=== DATA EXTRACT ===
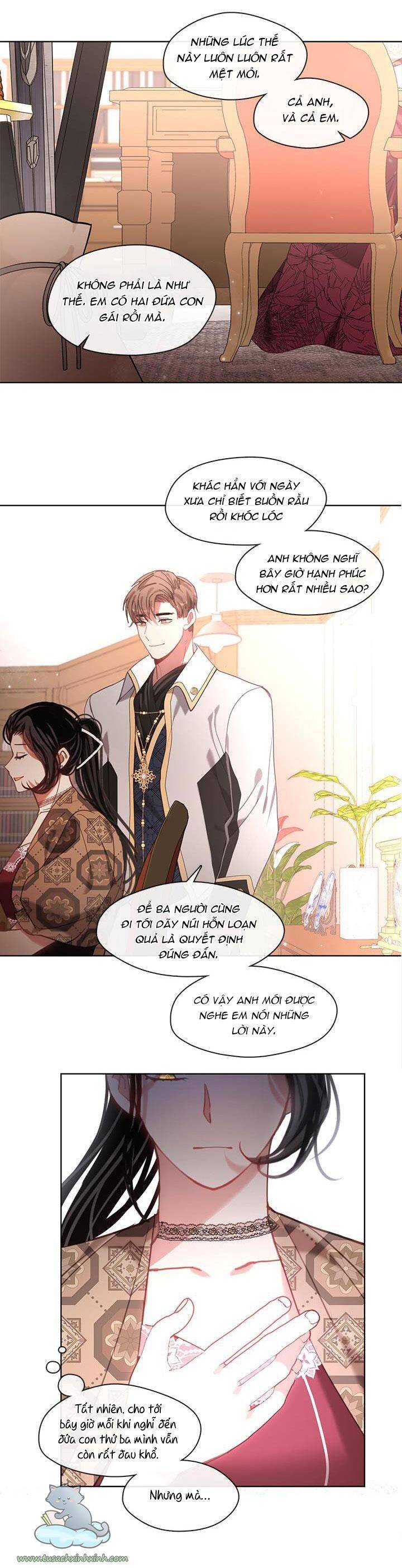 Thành Viên Trong Gia Đình Phát Cuồng Vì Tôi Chap 41 - Next Chap 42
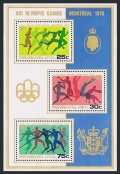 Penrhyn 81-83, 83a sheet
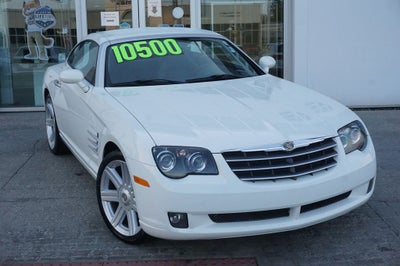 2004 Chrysler Crossfire Base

=== TASK INSTRUCTIONS ===
Beginning at the line that contains "Penrhyn 81-83, 83a sheet", retype each line of the data above through the very last one. Do not retype the pictures.

=== SOLUTION TO THIS TASK ===
 Penrhyn 81-83, 83a sheet
 2004 Chrysler Crossfire Base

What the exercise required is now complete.